İl ne fait désormais plus aucun doute que ce choix annonce la fin de l’École des Beaux-Arts d’Alger en tant que creuset du choc visuel désacralisant, disparition programmée au profit de celle des Arts Décoratifs plus en phase avec l’approche antisubversive de gouvernants attachés au paradigme de renouveau dans l’authenticité patrimoniale et ses tropismes idéologiques dérivés (retour aux sources, ancrages archétypaux, etc…).

Au même titre que le design, la bande dessinée mérite un cycle complet de formations mais pas aux dépens de celui des peintres, graveurs, grapheurs, sculpteurs, performeurs ou vidéastes auxquels revient le légitime et historique droit de demeurer au sein du bâtiment du parc Zyriab (ex-Gatlif). D’autres lieux sont par conséquent à dénicher afin d’améliorer les conditions techniques des prétendants designers et illustrateurs. Si chez eux l’acquisition des bases du dessin (croquis, modèle vivant, morphologie) reste fondamentale, l’insertion dans le paysage éditorial oblige par contre les auteurs de BD à maîtriser le storytelling appliqué à la narration numérique, à créer des univers graphiques connectés aux jeux vidéo ou au web.

Censés travailler en collaboration avec des producteurs, éditeurs, médias, agences de communication ou entreprises cinématographiques, ils ont à connaître impérativement les outils informatiques les plus sophistiqués, ce qui implique l’achat de matériels très onéreux mais aussi des espaces adéquats que ne peut offrir l’actuelle École supérieure des Beaux-Arts d’Alger. L’arrivée en son sein de la BD indique non pas l’élargissement du concept art mais bien sa contraction.

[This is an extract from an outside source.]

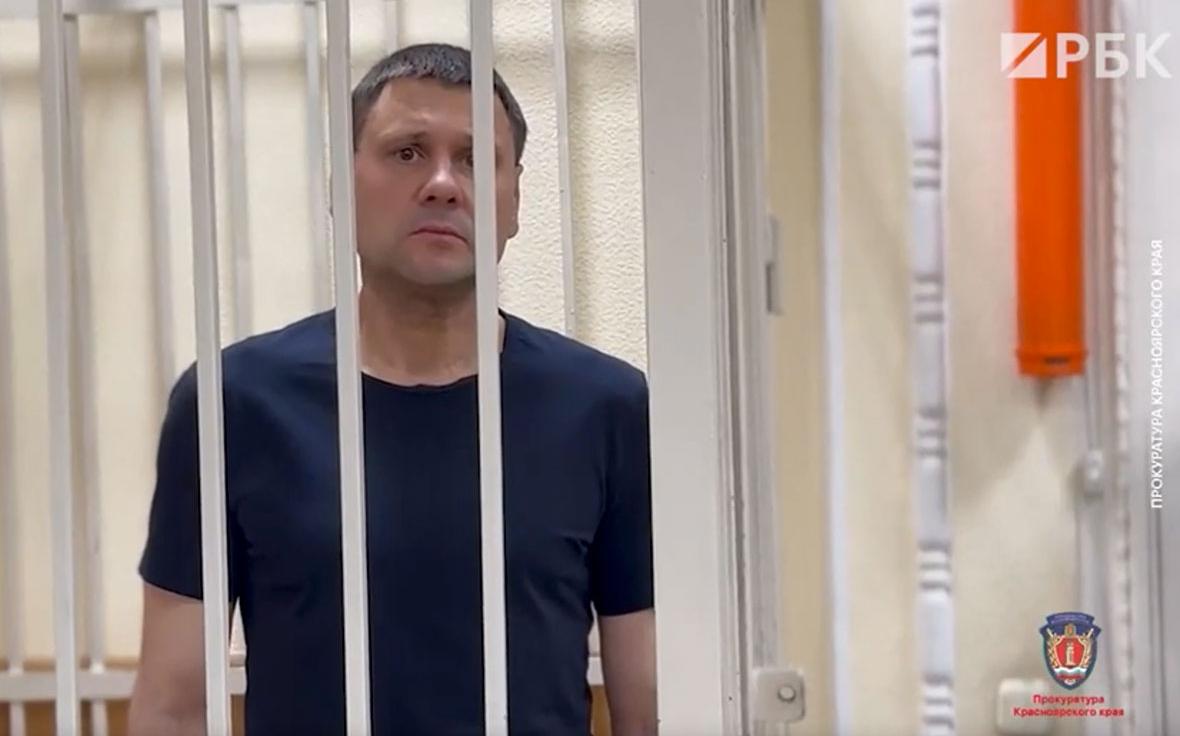 Экс-главу ГАИ Красноярского края осудили за торговлю «красивыми» номерами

Lui trouver un endroit plus approprié relève donc du bon sens et permettrait à ses impétrants de mieux explorer leur imaginaire, styliser images et dialogues, communiquer les singularités d’un domaine plastique dont les trames fixes ou séquentielles ont fait connaître mondialement des personnages parfois réincarnés en héros de long métrages. Les mises en scène (rough et story-board), scénarios et découpages formels sont autant d’étapes d’écriture caractéristiques d’un mode de communication et de représentation aux multiples destinations. Faut-il encore savoir choisir le bon champ d’application plutôt que de prendre le risque de se perdre encore une fois en conjectures.

Les futurs coloristes, rough-mens, story-boarders, character-designer, graphistes, réalisateurs de jeu de plateau, porteurs, faiseurs ou raconteurs d’histoires ont à réinventer des récits adaptés aux supports (maquettes, affiches, jaquettes, manuels, livres, albums, collections) et thématiques, à composer (sur commande ou pas) et documenter des encrages sans se préoccuper des attrayants gains pécuniaires ou du probable intérêt public des projets.

Saâdi-Leray Farid, sociologue de l’art et de la culture. Le 26 décembre 2020.